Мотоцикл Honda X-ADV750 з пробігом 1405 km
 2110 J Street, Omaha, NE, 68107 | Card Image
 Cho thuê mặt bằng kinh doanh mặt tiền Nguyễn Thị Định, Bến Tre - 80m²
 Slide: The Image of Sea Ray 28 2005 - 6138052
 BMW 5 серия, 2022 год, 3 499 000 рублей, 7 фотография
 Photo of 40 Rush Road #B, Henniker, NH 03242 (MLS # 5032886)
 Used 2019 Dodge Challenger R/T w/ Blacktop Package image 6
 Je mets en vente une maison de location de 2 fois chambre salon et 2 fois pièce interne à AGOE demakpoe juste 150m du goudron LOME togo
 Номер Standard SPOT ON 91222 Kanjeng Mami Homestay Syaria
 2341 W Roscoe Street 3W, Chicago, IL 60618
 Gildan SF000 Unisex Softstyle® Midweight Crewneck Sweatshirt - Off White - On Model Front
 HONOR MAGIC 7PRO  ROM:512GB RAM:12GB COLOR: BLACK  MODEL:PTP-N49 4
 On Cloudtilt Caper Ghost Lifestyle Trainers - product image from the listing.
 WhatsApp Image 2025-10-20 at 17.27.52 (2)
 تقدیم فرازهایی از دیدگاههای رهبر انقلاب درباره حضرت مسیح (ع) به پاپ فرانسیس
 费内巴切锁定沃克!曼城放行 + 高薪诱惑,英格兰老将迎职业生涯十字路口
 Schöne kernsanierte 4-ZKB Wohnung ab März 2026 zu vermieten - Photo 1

#### ACTIVITY
Check each line of the entries, and copy the ones that contain "Photo".

#### RESULT OF THE EXERCISE
 Photo of 40 Rush Road #B, Henniker, NH 03242 (MLS # 5032886)
 Schöne kernsanierte 4-ZKB Wohnung ab März 2026 zu vermieten - Photo 1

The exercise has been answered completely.